> **AVAILABLE DATA**
--

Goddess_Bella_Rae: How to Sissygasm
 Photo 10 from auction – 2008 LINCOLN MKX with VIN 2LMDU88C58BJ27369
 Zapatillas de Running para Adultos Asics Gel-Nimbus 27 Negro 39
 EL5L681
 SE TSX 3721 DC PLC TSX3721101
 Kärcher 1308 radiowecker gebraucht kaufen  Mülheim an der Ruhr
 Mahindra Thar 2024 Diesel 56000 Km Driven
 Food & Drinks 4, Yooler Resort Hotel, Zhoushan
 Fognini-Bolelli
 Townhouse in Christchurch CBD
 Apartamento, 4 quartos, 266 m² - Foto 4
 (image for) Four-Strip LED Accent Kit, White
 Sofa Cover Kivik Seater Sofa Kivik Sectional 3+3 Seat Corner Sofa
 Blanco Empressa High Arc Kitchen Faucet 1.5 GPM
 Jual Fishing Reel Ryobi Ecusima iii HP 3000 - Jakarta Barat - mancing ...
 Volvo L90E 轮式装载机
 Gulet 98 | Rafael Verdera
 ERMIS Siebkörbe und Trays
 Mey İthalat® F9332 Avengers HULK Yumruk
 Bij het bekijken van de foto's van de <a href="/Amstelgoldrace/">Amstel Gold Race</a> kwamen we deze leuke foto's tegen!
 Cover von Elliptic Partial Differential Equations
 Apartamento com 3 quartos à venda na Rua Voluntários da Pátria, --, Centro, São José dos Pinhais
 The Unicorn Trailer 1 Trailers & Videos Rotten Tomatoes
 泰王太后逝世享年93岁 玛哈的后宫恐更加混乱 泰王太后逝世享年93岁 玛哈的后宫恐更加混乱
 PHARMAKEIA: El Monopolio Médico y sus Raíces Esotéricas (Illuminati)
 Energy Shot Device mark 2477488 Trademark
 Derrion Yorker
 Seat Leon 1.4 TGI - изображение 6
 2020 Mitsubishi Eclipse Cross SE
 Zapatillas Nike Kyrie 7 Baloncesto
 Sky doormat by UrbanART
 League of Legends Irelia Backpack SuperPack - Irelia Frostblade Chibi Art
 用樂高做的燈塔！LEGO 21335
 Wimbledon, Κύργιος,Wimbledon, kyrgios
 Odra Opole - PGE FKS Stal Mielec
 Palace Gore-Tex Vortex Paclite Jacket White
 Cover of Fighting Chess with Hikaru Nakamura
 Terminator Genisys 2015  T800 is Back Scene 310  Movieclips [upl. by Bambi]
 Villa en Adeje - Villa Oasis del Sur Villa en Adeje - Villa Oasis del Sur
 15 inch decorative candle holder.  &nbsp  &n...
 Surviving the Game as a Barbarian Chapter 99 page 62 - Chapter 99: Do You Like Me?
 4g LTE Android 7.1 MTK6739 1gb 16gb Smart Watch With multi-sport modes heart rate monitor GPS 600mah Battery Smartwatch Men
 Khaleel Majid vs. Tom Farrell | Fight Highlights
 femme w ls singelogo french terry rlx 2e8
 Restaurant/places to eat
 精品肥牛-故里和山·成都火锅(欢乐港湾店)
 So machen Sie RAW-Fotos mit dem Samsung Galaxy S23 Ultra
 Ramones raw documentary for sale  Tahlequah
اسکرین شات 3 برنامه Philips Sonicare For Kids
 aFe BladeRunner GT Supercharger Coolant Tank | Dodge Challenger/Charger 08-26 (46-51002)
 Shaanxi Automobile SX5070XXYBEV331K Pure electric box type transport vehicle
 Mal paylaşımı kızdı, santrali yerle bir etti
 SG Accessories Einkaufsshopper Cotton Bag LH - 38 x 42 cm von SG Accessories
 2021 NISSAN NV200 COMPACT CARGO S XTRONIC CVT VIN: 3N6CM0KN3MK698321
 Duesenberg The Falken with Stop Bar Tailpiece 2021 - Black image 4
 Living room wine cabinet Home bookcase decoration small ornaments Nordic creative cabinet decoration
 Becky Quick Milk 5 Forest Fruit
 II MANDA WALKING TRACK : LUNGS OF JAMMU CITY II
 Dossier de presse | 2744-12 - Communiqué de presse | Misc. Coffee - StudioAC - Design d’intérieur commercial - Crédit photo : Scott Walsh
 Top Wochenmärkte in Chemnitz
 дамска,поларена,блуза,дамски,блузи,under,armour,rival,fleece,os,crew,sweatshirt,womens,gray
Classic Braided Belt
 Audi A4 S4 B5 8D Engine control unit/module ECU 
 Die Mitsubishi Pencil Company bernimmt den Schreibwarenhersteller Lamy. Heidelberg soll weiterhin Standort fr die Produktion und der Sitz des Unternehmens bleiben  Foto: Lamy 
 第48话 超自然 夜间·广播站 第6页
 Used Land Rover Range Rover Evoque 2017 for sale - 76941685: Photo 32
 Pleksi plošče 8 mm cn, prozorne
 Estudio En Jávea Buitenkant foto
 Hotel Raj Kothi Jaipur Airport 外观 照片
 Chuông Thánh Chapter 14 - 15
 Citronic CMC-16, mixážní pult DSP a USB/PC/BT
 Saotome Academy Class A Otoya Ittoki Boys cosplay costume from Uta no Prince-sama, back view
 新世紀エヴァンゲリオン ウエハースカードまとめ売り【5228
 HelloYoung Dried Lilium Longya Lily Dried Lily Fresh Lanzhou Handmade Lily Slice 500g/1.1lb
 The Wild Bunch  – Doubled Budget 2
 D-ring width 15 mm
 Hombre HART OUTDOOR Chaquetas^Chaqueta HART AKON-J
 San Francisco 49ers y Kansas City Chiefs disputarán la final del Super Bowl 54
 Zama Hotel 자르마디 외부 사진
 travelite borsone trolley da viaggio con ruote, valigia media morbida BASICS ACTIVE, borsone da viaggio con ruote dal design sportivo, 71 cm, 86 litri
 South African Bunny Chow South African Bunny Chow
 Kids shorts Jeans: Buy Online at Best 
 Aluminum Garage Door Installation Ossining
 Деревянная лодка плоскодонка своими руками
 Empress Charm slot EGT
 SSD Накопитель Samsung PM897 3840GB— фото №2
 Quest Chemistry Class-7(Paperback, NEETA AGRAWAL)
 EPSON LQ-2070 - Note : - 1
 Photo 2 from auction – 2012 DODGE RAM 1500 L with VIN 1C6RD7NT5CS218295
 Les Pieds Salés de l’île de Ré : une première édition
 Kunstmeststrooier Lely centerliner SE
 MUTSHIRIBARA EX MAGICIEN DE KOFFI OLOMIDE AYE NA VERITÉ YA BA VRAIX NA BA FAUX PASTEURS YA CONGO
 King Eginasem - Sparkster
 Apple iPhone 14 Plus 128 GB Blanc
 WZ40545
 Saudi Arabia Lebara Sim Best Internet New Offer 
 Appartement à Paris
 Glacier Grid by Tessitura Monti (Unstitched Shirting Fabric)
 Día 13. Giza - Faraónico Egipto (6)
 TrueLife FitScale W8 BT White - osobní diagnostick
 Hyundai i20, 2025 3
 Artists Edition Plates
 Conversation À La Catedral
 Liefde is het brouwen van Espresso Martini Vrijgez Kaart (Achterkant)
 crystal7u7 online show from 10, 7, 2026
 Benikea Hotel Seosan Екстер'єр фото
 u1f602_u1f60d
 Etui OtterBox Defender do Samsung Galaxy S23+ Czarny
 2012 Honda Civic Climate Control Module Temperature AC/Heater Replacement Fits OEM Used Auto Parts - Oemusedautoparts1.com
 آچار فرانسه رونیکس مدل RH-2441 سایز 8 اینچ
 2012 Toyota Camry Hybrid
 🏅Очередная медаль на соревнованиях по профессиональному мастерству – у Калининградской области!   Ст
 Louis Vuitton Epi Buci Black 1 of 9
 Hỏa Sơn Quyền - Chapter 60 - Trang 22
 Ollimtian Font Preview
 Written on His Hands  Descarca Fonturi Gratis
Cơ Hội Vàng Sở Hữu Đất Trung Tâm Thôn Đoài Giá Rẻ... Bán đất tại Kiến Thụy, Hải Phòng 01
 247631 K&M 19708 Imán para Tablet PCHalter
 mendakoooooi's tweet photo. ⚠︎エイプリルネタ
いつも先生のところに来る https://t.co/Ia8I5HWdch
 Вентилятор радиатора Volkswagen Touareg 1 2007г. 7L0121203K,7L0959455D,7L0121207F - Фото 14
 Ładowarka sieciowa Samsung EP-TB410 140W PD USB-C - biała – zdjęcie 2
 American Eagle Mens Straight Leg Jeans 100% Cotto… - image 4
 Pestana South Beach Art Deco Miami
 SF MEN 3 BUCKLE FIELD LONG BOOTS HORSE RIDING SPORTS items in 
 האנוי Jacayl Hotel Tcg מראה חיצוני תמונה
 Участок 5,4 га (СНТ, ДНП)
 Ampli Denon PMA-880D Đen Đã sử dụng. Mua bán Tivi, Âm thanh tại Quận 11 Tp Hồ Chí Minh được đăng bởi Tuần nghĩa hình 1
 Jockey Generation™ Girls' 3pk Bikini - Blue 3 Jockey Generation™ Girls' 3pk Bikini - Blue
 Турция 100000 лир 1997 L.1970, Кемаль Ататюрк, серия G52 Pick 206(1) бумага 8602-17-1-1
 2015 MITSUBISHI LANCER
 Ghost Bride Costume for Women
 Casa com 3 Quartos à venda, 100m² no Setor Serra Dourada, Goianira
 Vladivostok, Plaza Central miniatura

--

> **PROMPT**
Starting with the first line of the listing above and ending with the line that holds "Sofa Cover Kivik", return those lines exactly as written, both included.

> **ANSWER BELOW**
Goddess_Bella_Rae: How to Sissygasm
 Photo 10 from auction – 2008 LINCOLN MKX with VIN 2LMDU88C58BJ27369
 Zapatillas de Running para Adultos Asics Gel-Nimbus 27 Negro 39
 EL5L681
 SE TSX 3721 DC PLC TSX3721101
 Kärcher 1308 radiowecker gebraucht kaufen  Mülheim an der Ruhr
 Mahindra Thar 2024 Diesel 56000 Km Driven
 Food & Drinks 4, Yooler Resort Hotel, Zhoushan
 Fognini-Bolelli
 Townhouse in Christchurch CBD
 Apartamento, 4 quartos, 266 m² - Foto 4
 (image for) Four-Strip LED Accent Kit, White
 Sofa Cover Kivik Seater Sofa Kivik Sectional 3+3 Seat Corner Sofa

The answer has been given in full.